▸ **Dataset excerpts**

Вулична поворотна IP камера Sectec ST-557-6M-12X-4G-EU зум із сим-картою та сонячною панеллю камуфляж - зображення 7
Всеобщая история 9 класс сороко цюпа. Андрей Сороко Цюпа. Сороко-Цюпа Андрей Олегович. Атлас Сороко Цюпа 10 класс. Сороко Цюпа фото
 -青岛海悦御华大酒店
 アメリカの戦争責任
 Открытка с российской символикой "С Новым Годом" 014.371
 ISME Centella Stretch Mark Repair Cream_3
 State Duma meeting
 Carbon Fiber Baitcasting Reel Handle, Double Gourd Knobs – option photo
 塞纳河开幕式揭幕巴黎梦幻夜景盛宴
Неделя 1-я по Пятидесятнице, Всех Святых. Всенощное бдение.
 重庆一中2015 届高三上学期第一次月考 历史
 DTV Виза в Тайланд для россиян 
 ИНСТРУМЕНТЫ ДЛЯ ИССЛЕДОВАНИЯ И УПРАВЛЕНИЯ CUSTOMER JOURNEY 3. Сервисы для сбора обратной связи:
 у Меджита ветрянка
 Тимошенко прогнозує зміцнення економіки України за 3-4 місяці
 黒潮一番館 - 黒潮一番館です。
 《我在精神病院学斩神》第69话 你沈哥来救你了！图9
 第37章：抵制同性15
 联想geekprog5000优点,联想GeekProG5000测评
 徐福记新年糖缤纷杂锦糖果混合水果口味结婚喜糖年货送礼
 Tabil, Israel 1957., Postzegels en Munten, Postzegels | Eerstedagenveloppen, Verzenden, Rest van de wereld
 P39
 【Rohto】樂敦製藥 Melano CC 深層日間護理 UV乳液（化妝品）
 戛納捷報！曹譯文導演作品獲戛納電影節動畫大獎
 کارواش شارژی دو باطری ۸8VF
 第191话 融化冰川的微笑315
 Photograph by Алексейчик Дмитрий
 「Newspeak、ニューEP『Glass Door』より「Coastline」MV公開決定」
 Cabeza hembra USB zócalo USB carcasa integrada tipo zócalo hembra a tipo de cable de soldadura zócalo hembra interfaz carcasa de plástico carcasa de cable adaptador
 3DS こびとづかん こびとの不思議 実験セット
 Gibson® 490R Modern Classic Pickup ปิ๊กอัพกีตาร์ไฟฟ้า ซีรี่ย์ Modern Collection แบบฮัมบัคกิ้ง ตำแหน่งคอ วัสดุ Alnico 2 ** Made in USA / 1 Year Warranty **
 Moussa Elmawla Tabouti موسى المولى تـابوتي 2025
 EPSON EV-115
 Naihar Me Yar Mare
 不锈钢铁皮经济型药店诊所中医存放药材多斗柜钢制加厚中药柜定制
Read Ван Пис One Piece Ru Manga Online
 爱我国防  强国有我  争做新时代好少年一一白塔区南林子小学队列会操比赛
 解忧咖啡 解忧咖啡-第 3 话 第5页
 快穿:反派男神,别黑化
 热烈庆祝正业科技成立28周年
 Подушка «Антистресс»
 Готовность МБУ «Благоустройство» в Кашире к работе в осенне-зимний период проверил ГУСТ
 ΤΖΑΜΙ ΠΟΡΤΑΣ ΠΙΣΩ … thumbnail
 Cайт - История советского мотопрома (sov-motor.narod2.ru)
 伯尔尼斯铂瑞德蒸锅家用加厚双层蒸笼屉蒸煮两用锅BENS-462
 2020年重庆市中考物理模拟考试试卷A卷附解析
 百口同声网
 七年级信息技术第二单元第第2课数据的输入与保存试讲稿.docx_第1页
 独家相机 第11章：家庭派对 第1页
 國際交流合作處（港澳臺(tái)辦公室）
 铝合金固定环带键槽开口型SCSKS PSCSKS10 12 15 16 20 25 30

▸ **ASSIGNMENT**
Every line of the data should be output exactly as it was given.

▸ **TASK SOLUTION**
Вулична поворотна IP камера Sectec ST-557-6M-12X-4G-EU зум із сим-картою та сонячною панеллю камуфляж - зображення 7
Всеобщая история 9 класс сороко цюпа. Андрей Сороко Цюпа. Сороко-Цюпа Андрей Олегович. Атлас Сороко Цюпа 10 класс. Сороко Цюпа фото
 -青岛海悦御华大酒店
 アメリカの戦争責任
 Открытка с российской символикой "С Новым Годом" 014.371
 ISME Centella Stretch Mark Repair Cream_3
 State Duma meeting
 Carbon Fiber Baitcasting Reel Handle, Double Gourd Knobs – option photo
 塞纳河开幕式揭幕巴黎梦幻夜景盛宴
Неделя 1-я по Пятидесятнице, Всех Святых. Всенощное бдение.
 重庆一中2015 届高三上学期第一次月考 历史
 DTV Виза в Тайланд для россиян 
 ИНСТРУМЕНТЫ ДЛЯ ИССЛЕДОВАНИЯ И УПРАВЛЕНИЯ CUSTOMER JOURNEY 3. Сервисы для сбора обратной связи:
 у Меджита ветрянка
 Тимошенко прогнозує зміцнення економіки України за 3-4 місяці
 黒潮一番館 - 黒潮一番館です。
 《我在精神病院学斩神》第69话 你沈哥来救你了！图9
 第37章：抵制同性15
 联想geekprog5000优点,联想GeekProG5000测评
 徐福记新年糖缤纷杂锦糖果混合水果口味结婚喜糖年货送礼
 Tabil, Israel 1957., Postzegels en Munten, Postzegels | Eerstedagenveloppen, Verzenden, Rest van de wereld
 P39
 【Rohto】樂敦製藥 Melano CC 深層日間護理 UV乳液（化妝品）
 戛納捷報！曹譯文導演作品獲戛納電影節動畫大獎
 کارواش شارژی دو باطری ۸8VF
 第191话 融化冰川的微笑315
 Photograph by Алексейчик Дмитрий
 「Newspeak、ニューEP『Glass Door』より「Coastline」MV公開決定」
 Cabeza hembra USB zócalo USB carcasa integrada tipo zócalo hembra a tipo de cable de soldadura zócalo hembra interfaz carcasa de plástico carcasa de cable adaptador
 3DS こびとづかん こびとの不思議 実験セット
 Gibson® 490R Modern Classic Pickup ปิ๊กอัพกีตาร์ไฟฟ้า ซีรี่ย์ Modern Collection แบบฮัมบัคกิ้ง ตำแหน่งคอ วัสดุ Alnico 2 ** Made in USA / 1 Year Warranty **
 Moussa Elmawla Tabouti موسى المولى تـابوتي 2025
 EPSON EV-115
 Naihar Me Yar Mare
 不锈钢铁皮经济型药店诊所中医存放药材多斗柜钢制加厚中药柜定制
Read Ван Пис One Piece Ru Manga Online
 爱我国防  强国有我  争做新时代好少年一一白塔区南林子小学队列会操比赛
 解忧咖啡 解忧咖啡-第 3 话 第5页
 快穿:反派男神,别黑化
 热烈庆祝正业科技成立28周年
 Подушка «Антистресс»
 Готовность МБУ «Благоустройство» в Кашире к работе в осенне-зимний период проверил ГУСТ
 ΤΖΑΜΙ ΠΟΡΤΑΣ ΠΙΣΩ … thumbnail
 Cайт - История советского мотопрома (sov-motor.narod2.ru)
 伯尔尼斯铂瑞德蒸锅家用加厚双层蒸笼屉蒸煮两用锅BENS-462
 2020年重庆市中考物理模拟考试试卷A卷附解析
 百口同声网
 七年级信息技术第二单元第第2课数据的输入与保存试讲稿.docx_第1页
 独家相机 第11章：家庭派对 第1页
 國際交流合作處（港澳臺(tái)辦公室）
 铝合金固定环带键槽开口型SCSKS PSCSKS10 12 15 16 20 25 30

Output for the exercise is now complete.